[Stored items]
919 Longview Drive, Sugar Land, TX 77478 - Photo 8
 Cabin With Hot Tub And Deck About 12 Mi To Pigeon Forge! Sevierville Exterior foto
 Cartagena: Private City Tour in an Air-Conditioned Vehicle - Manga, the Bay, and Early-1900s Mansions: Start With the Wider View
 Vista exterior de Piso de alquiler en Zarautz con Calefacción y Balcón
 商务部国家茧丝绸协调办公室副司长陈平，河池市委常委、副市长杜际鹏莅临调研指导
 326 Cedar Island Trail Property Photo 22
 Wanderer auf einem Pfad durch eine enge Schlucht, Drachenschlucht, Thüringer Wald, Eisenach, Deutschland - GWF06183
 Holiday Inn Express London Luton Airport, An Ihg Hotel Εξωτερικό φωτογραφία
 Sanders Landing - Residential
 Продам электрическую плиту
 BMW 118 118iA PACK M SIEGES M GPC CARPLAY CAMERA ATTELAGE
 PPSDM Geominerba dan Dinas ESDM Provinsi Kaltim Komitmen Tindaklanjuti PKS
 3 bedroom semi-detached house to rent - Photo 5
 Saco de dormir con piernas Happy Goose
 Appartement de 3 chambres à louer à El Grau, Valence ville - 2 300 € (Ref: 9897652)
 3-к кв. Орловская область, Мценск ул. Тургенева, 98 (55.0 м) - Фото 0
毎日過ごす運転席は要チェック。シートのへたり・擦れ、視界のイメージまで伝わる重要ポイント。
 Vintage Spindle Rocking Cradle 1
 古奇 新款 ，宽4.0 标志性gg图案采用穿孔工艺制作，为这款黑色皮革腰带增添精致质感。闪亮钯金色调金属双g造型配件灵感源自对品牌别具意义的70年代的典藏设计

» Problem details
Where a line of the entries above holds the word "Photo", return that line.

» Response to this exercise
919 Longview Drive, Sugar Land, TX 77478 - Photo 8
 326 Cedar Island Trail Property Photo 22
 3 bedroom semi-detached house to rent - Photo 5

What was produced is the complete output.